§ Material provided:
# # # #

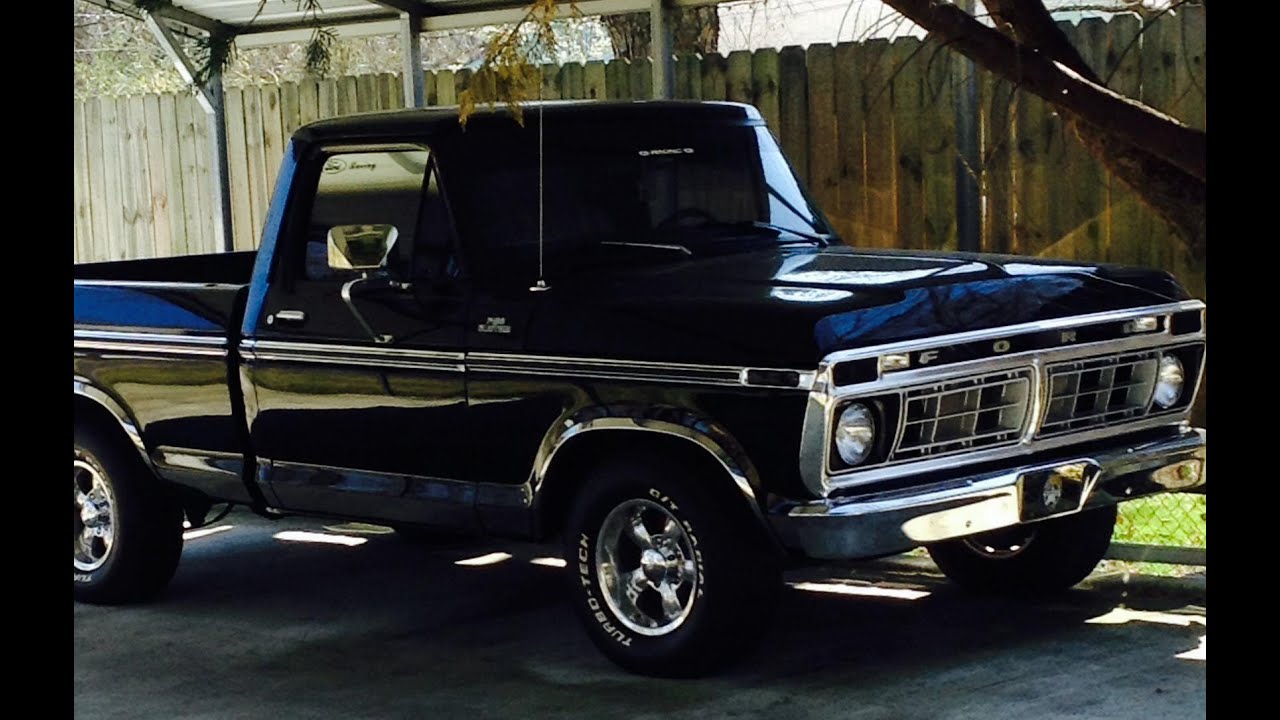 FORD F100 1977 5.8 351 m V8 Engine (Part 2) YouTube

# # # #

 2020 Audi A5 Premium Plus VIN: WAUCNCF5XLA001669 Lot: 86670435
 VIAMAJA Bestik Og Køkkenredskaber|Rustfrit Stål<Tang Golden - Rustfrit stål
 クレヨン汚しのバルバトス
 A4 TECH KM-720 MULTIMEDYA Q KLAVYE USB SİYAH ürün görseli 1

# # # #

Using the entries above, extract exactly the span from the line with "VIAMAJA Bestik Og" to the line with "A4 TECH KM-720", both lines included; leave out everything else.

 VIAMAJA Bestik Og Køkkenredskaber|Rustfrit Stål<Tang Golden - Rustfrit stål
 クレヨン汚しのバルバトス
 A4 TECH KM-720 MULTIMEDYA Q KLAVYE USB SİYAH ürün görseli 1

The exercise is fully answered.